The Muscle Imbalances That Cause APT

The root cause of Anterior Pelvic Tilt lies in a reciprocal relationship between opposing muscle groups around the hip and core. This imbalance involves certain muscles becoming shortened and overactive while their counterparts become lengthened and weak.

The muscles that typically become shortened and tight are the hip flexors, such as the iliopsoas, and the lower back muscles, specifically the erector spinae. Conversely, the gluteal muscles and the abdominal muscles become weakened and lengthened. Strengthening and stretching these four key areas is the foundation for correcting the tilt.

Stretches to Loosen Tight Muscles

Targeting the chronically tight hip flexors is a fundamental step in treating APT, as lengthening these muscles allows the pelvis to rotate backward toward a neutral position. The kneeling hip flexor stretch is one of the most effective exercises for this purpose.

Start by kneeling on the floor, placing one foot forward so the knee is directly over the ankle, with the back knee on a padded surface. Lightly engage the abdominal muscles and tuck the tailbone slightly forward, which helps to posteriorly tilt the pelvis. Gently push the hips forward until a stretch is felt in the front of the hip and thigh of the back leg. Hold this stretch for 30 seconds to one minute on each side, repeating the action two to four times.

Another area that requires release is the lower back, which is compressed by the constant arching associated with the tilt. The Child’s Pose encourages gentle relaxation and lengthening of the low back muscles. Kneel on the floor, sit back on your heels, and walk your hands forward, resting your forehead on the floor or a cushion.
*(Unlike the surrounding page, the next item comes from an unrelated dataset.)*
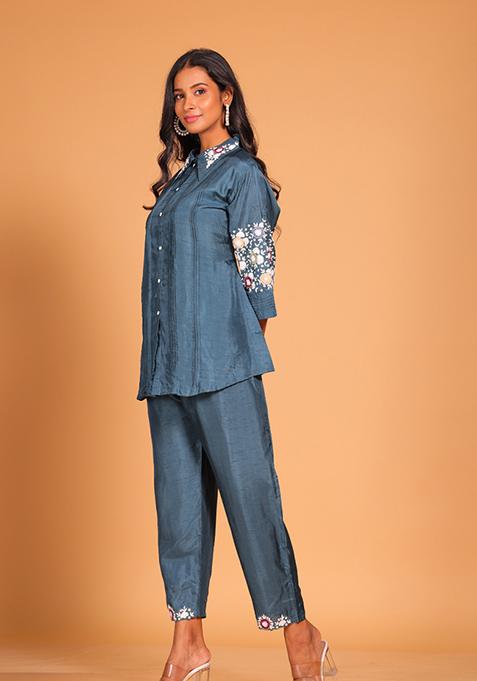 Blue Embroidered Pure Silk Kurta Set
For a more direct stretch to the lower back, gentle pelvic tilts can be performed while lying on your back with knees bent and feet flat. Slowly flatten the lower back into the floor, engaging the abdominal muscles to rock the pelvis backward, and then release. This small, controlled movement helps the lumbar spine find a less arched position.
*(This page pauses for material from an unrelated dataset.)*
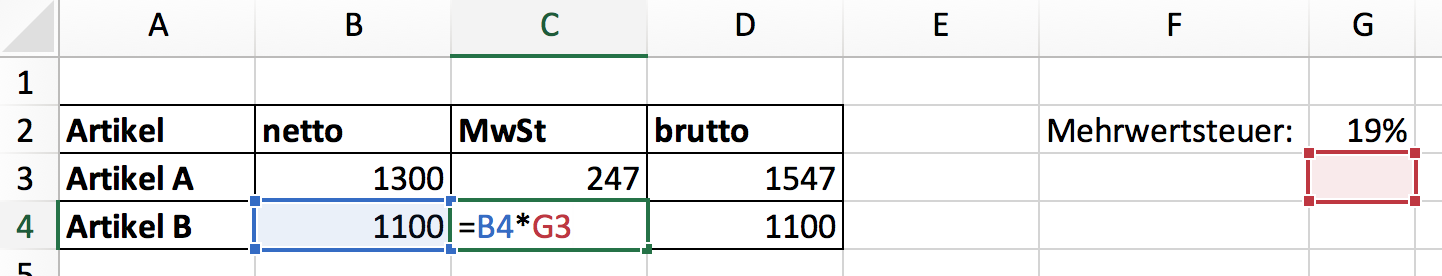 excel absolute adressierung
Strengthening Exercises for Core and Glutes

The next step involves strengthening the weak glutes and abdominals to hold the pelvis in its corrected alignment. The glute bridge is an excellent exercise for activating the gluteal muscles and teaching the core to stabilize the lower back. Lie on your back with your knees bent and feet flat on the floor.

Squeeze the glutes and press your heels into the floor to lift your hips until your body forms a straight line from your shoulders to your knees. The lift should be driven by the glutes, not the lower spine. Hold the top position for a few seconds before slowly lowering back down, aiming for two to three sets of 10 to 15 repetitions.

The Dead Bug exercise targets the deep abdominal muscles and improves core stability. Lie on your back with your arms extended toward the ceiling and your hips and knees bent at a 90-degree angle. The key is to press the lower back firmly into the floor throughout the entire movement, ensuring the core is braced.

Slowly lower the opposite arm and leg toward the floor, moving only as far as you can without allowing the lower back to arch off the ground. Return to the starting position and repeat the movement on the other side. Aim for two to three sets of 10 repetitions per side, focusing on slow, deliberate movement.

Posture Adjustments for Daily Life

Correcting APT demands awareness and modification of daily habits that contribute to the problem. Prolonged sitting is a major factor, as it keeps the hip flexors in a shortened position for hours. When sitting, maintain a neutral pelvis by sitting upright on your sit bones, avoiding the tendency to slouch or slump forward.

When standing for long periods, be mindful of avoiding hyperextension of the knees. Instead, keep the knees slightly soft and gently engage the lower abdominal muscles to maintain a slight posterior pelvic tilt. Taking short breaks to stand up, walk around, or perform a quick pelvic tilt can help prevent the habitual muscle shortening that supports APT.